Wall Street consensus

Most Wall Street analysts maintain a constructive view on Southern Copper Corporation's 12-month outlook, with a consensus price target around $252.32 and implied upside of +30.0% versus the current price.

Average Target

$252.32

6 analysts

Implied Upside

+30.0%

vs. current price

Analyst Count

6

covering this stock

Price Range

$155 - $252

Analyst target range

Buy
1 (17%)
Hold
3 (50%)
Sell
2 (33%)

Analyst coverage is limited, with only 6 analysts providing estimates, indicating this is a focused institutional story rather than a widely covered mega-cap. The consensus sentiment appears cautious to negative, as evidenced by recent institutional ratings which include actions like 'Sell', 'Underperform', and 'Underweight' from firms like UBS, BofA Securities, and JP Morgan in early 2026. The average estimated EPS for the forward period is $6.81, with a range from $6.16 to $7.45. The target price range is not explicitly provided in the data, but the dispersion in EPS estimates (a low of $6.16 to a high of $7.45) implies a wide range of fundamental outcomes and price targets, signaling high uncertainty among analysts.

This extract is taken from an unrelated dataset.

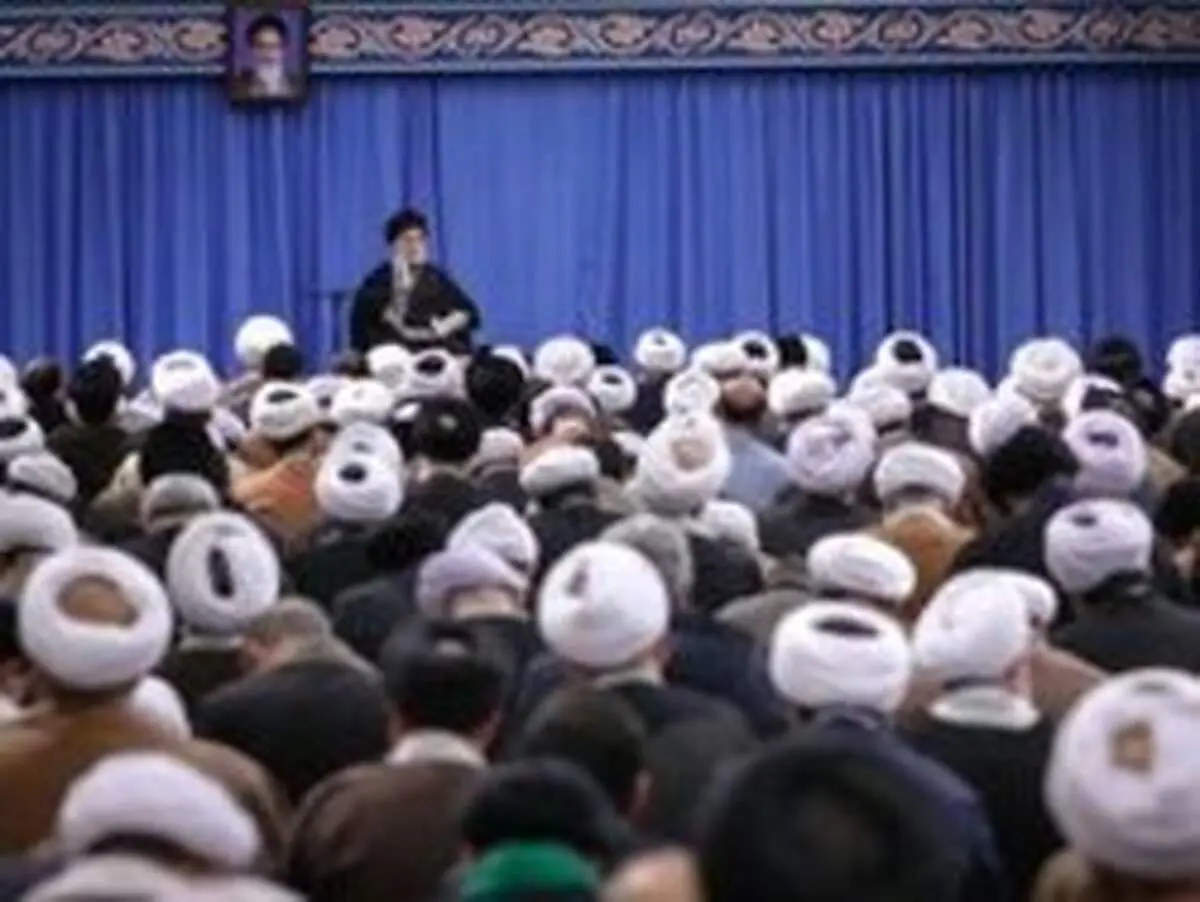 رهبر انقلاب: مسئولان بی حوصلگی و ناامیدی را از خود دور کنند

The high EPS estimate of $7.45 likely assumes sustained high copper prices and operational excellence, while the low estimate of $6.16 may factor in potential cost inflation, operational disruptions, or a moderation in metal prices. The pattern of recent analyst actions, with several downgrades or reiterations of Sell/Underperform ratings in January and February 2026, suggests a valuation-conscious stance following the stock's powerful rally, with analysts potentially viewing risk/reward as unfavorable at recent highs.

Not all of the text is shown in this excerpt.